Requirement:
Below are records; extract exactly the lines from the one containing "Кожаный ремень, мужской" through the last, both included, and keep the pictures out.

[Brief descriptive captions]
● ● ● ● ● ● ●
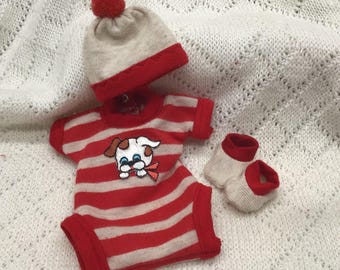 7” Baby doll outfit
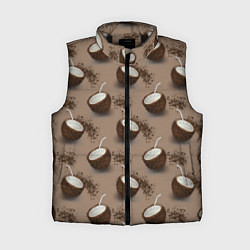Женский жилет Кокос и шоколад - паттерн
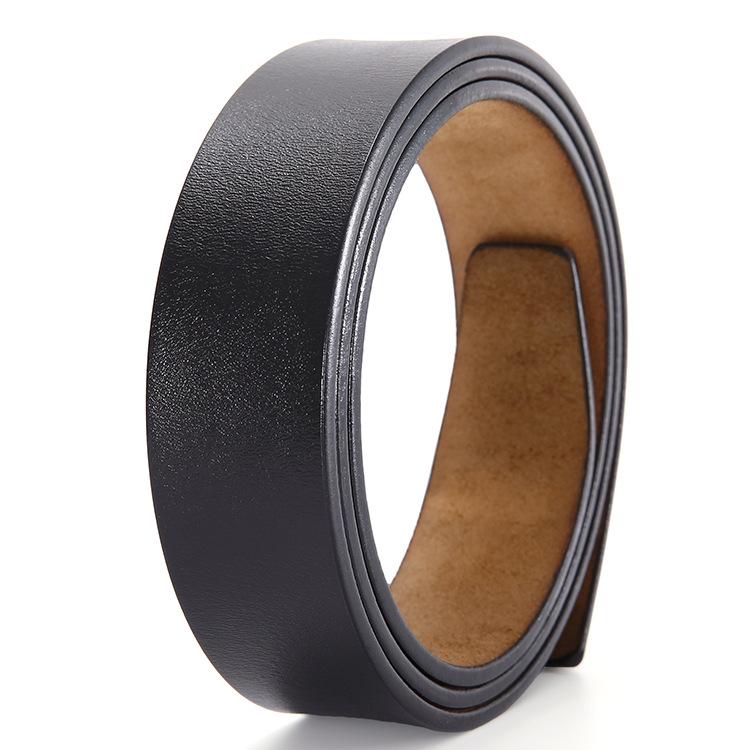 

Кожаный ремень, мужской кожаный ремень без повязки на голову, ремень без головы, мужской ремень без отверстий, мужской ремень из воловьей кожи Antique Black Toothless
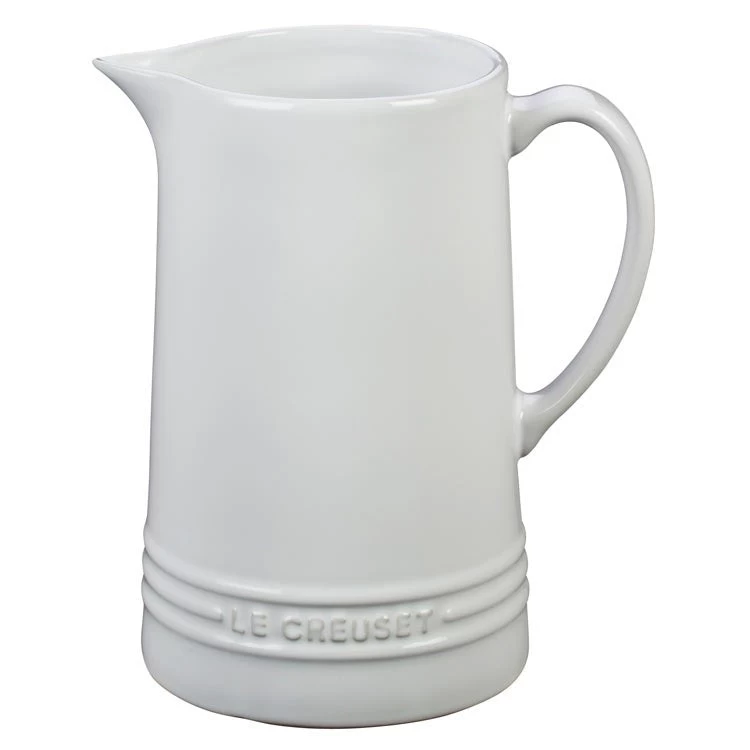 Le Creuset 1.6-Quart Stoneware Pitcher - White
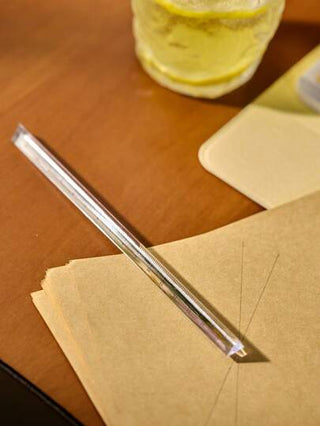 أدوات مكتبية ومدرسية Cirelle قطعة واحدة مسطرة مثلث شفافة, أداة تحجيم تلميذ متعددة الوظائف جميلة بدون علامات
● ● ● ● ● ● ●
Solution:
Кожаный ремень, мужской кожаный ремень без повязки на голову, ремень без головы, мужской ремень без отверстий, мужской ремень из воловьей кожи Antique Black Toothless
 Le Creuset 1.6-Quart Stoneware Pitcher - White
 أدوات مكتبية ومدرسية Cirelle قطعة واحدة مسطرة مثلث شفافة, أداة تحجيم تلميذ متعددة الوظائف جميلة بدون علامات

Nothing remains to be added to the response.